*Problem description:* What is needed is the exact text of each line in the listing below from the one with "Moschino bruin kalfsleren handtas" up to and including the one with "Banksy wrócił z", and no pictures.

Provided records section start

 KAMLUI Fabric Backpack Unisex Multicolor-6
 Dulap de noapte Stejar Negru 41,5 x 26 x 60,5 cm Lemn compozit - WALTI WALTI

Provided records section end
Provided records section start

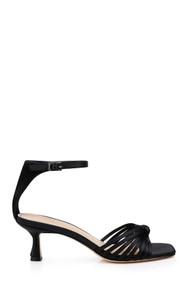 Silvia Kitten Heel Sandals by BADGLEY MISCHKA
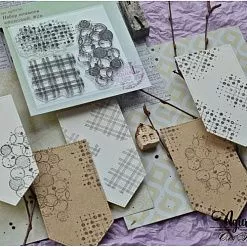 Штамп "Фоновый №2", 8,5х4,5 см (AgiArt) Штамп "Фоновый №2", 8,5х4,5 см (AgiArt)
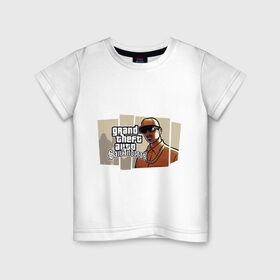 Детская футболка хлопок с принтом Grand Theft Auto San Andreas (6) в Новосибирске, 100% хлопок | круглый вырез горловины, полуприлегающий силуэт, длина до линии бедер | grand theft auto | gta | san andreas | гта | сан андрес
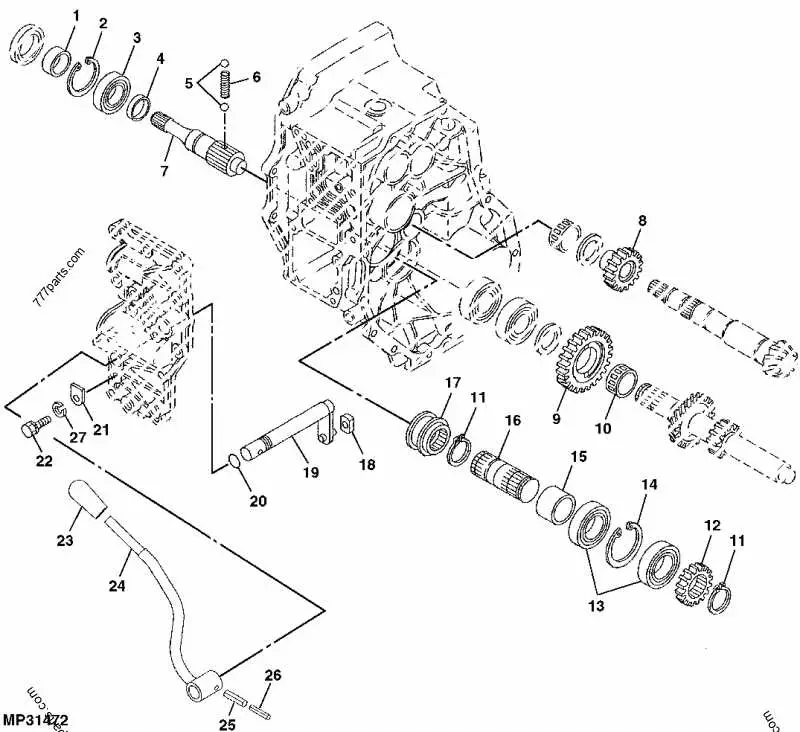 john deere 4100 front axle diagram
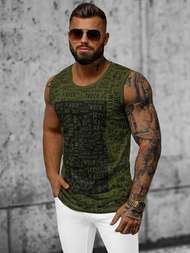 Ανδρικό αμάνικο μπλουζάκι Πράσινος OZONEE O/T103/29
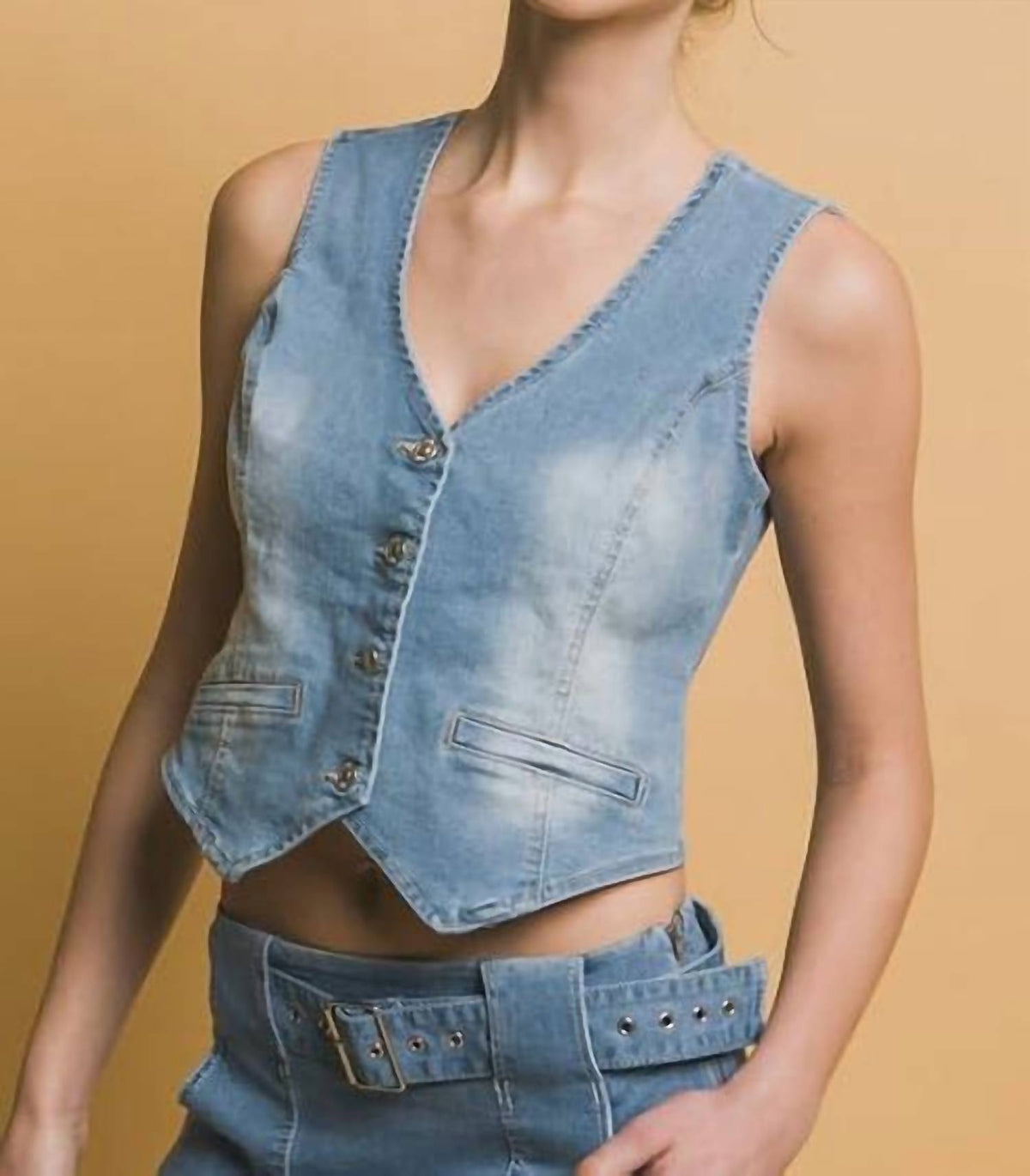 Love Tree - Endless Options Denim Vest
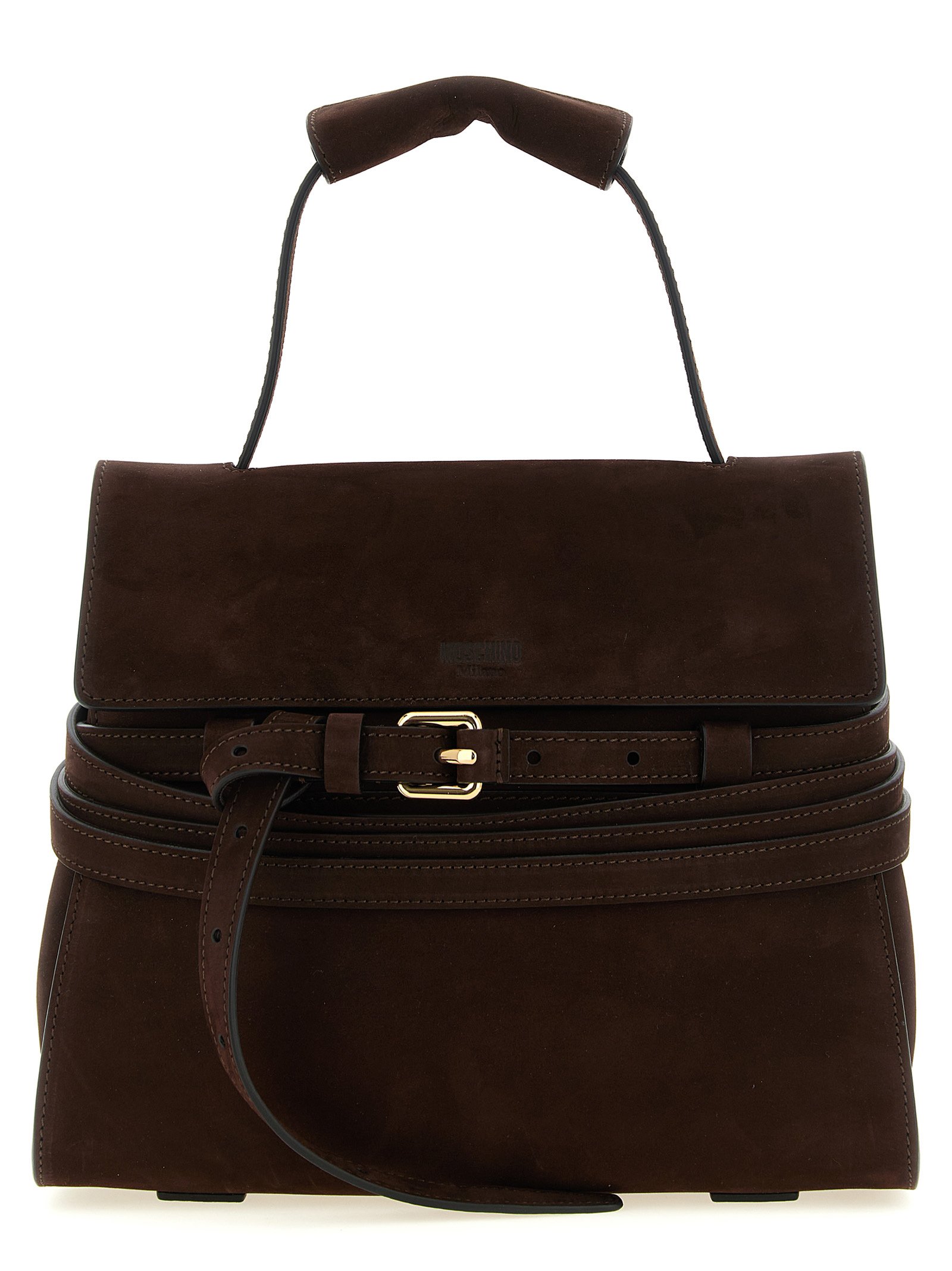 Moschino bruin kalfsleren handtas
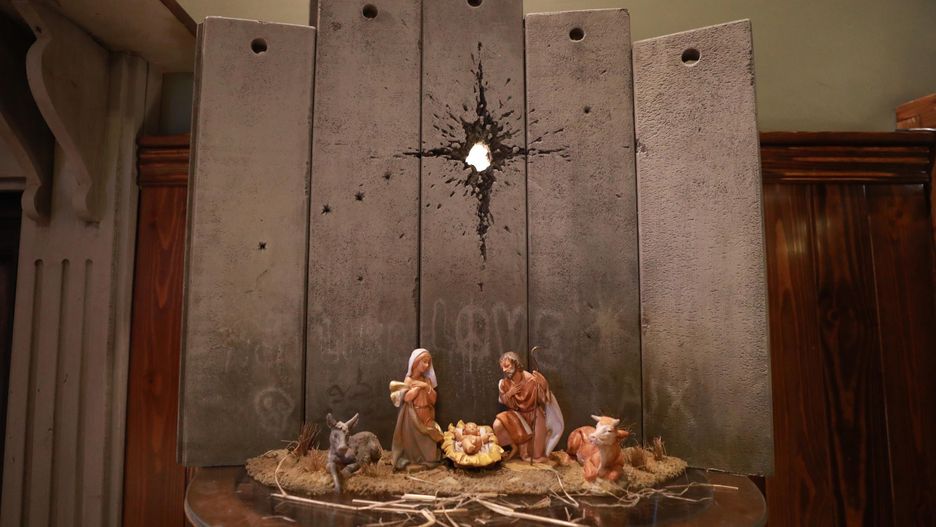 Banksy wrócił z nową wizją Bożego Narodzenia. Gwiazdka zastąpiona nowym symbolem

Provided records section end
Provided records section start

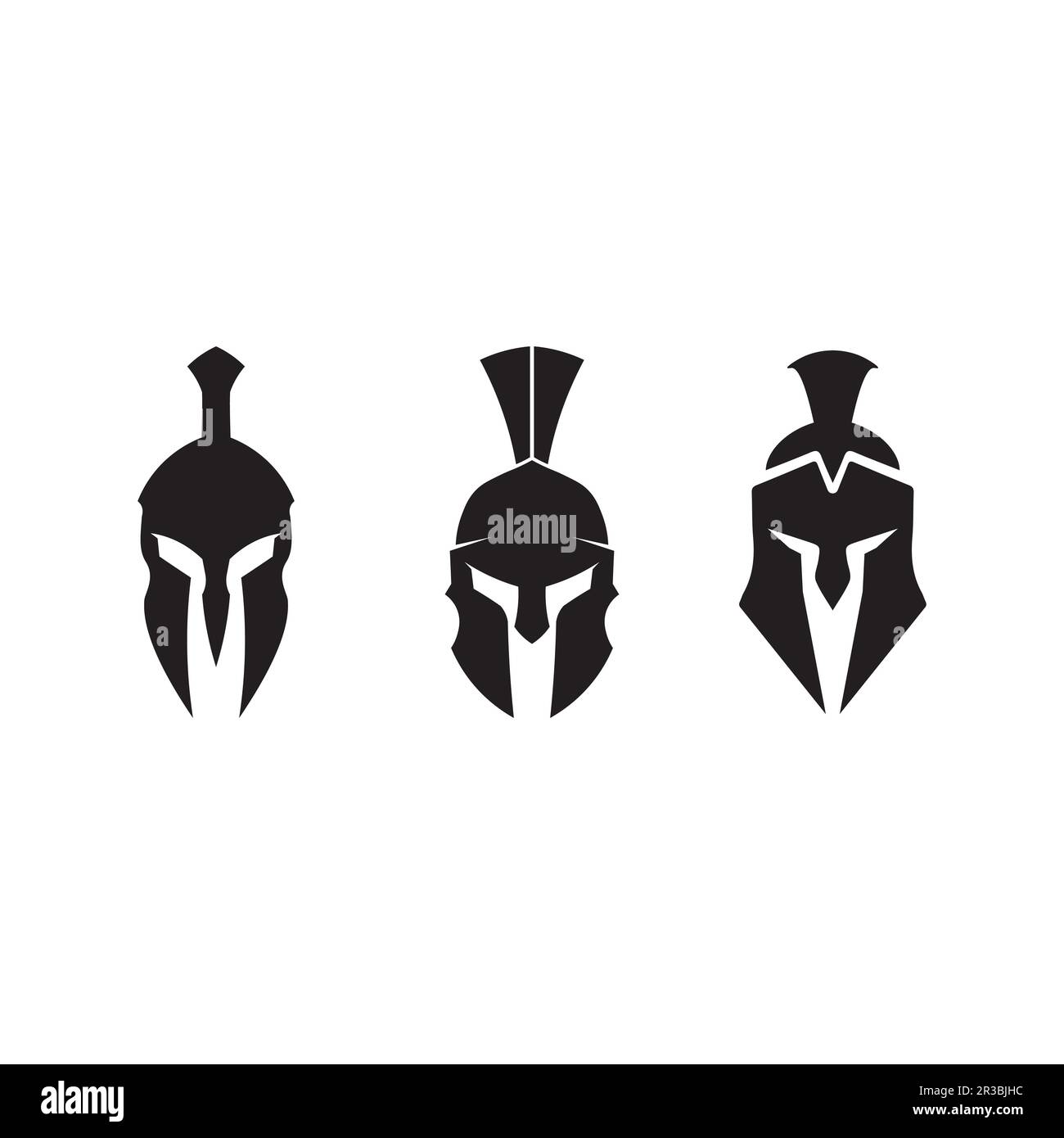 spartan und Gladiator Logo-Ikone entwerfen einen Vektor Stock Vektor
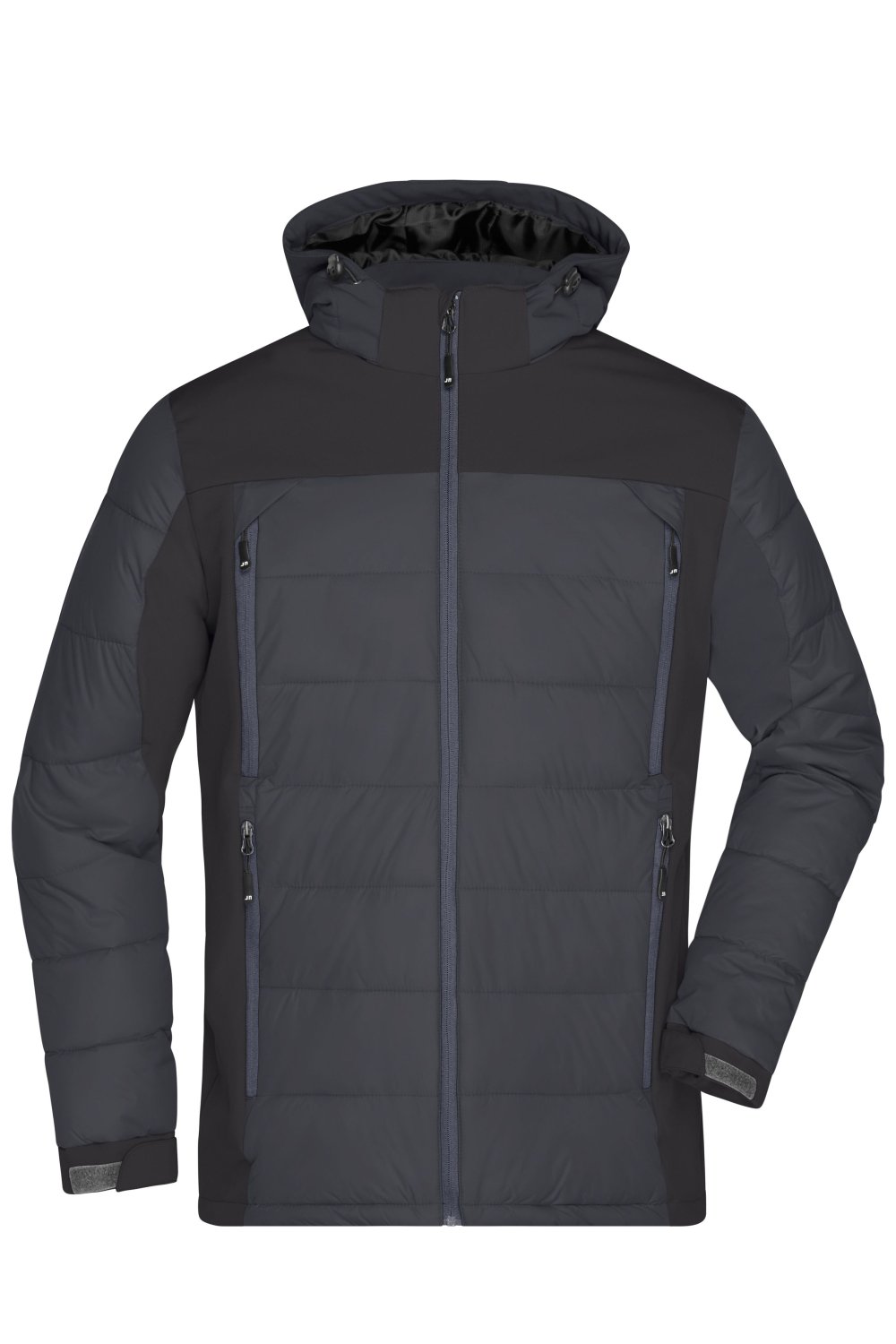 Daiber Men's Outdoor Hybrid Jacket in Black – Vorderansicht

Provided records section end

*Exercise output:*
 Moschino bruin kalfsleren handtas
 Banksy wrócił z nową wizją Bożego Narodzenia. Gwiazdka zastąpiona nowym symbolem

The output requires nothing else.